Photo by CTD 2005
Today is the busiest shopping day of the year in America, where the hordes spread out through the store to get the latest and greatest as holiday gifts.
I will not be venturing anywhere near a store today.
My main reason for not shopping is a few years ago I stopped to examine all the stuff we were bringing into our lives. It turns out that all the stuff we were buying were forcing us to work harder at jobs we didn’t like to pay for them. Our desires for stuff were fueled by wanting to keep up with others, and to make us happy. And it was fed into by the ads that bombarded us everywhere we turned.
The greatest example of this was one Saturday morning. I was busy upstairs, and my daughter wanted to watch television. We normally restrict her to public television, but this particular morning my partner decided to allow her to watch commercial television. After one half-hour of watching, she turned to us and said, “I want ” and proceeded to list all the toys she had just seen commercials for. We were amazed…and horrified.

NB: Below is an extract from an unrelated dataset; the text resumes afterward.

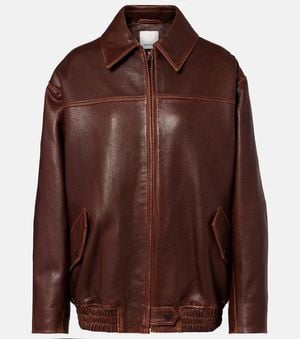 Jonathan Simkhai Huntington Leather Jacket - Brown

So how did we get off the bandwagon? We haven’t fully. My daughter still wants toys, and grandma will overindulge her. But for the most part we buy ourselves things we need, or experiences. This year my husband and I are presenting each other with new coats. And our holiday money is going toward a ski trip in January. My daughter is OK with this. She doesn’t even bombard Santa with outrageous requests.
After a few years of not buying things, we have come to the realization that the latest toys are not the key to happiness. When it comes to my time, too, I am very careful to put new indulgences in terms of my hourly salary. Somehow, when I look at the trade-off of my free time against an iPod, I always seem to choose the time.
It is something worth thinking about if you are caught up in the holiday rush to buy the latest and greatest.